@aracer the Labour party fought the 2017 GE on no freedom of movement, no single market and no customs union. I imagine some the left leaning / remain papers mentioned it. The first two they put in the manifesto the last one the shadow minister confirmed it in an interview.
May has campaigned on the platform of a fairer and more united Britain, the presumed end goals of which she appears to be travelling further away from on a daily basis. I wouldn’t put too much faith in any political commitment or manifesto promise from any party until it’s actually in law.
Northern Rock was bust. It was taken over by the government to stop people losing their money, businesses their loans/overdrafts and staff being out of a job all pretty much overnight.
Free market: suck it up, sunshine. Either the government can re-nationalise industries or it can’t. What it definitely should not be doing is corporatising the profits whilst nationalising the risks.

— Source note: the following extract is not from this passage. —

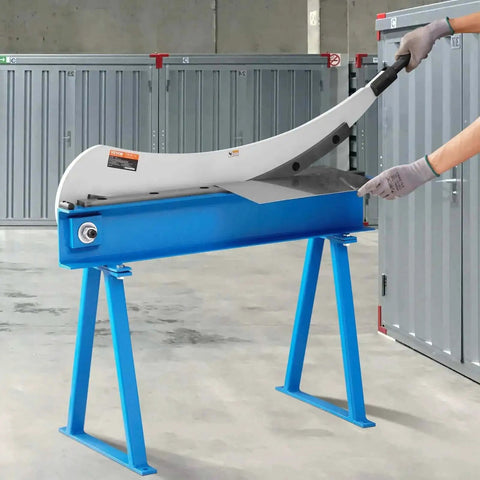 Beefy Hand Plate Shear 31.5 Inch Max Cutting Length Manual Sheet Metal Cutter with T10 high hardness blades shown in a workshop setting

WTO Brexit is the simplest and cleanest form
Well, except for all the agreements and regulations that would need to be re-written and agreed, including air travel, standards, nuclear industry regulation, NI, etc. Really, WTO Brexit is about as messy a Brexit as it can be.
but we do 60% of our trade outside the EU
So we do 40% with the EU, just less than half. And you willingly wish to put that in jeopardy? Seems like one hell of a risk.
higher prices paid by uk consumers
Please explain how paying WTO tariffs on imports will reduce prices for British consumers. I’ll wait.
@zippy standards, trade dispute resolution etc
But why do we need these aspects? Surely they’re just anti-democratic supranational entities telling a sovereign nation what it can and can’t do?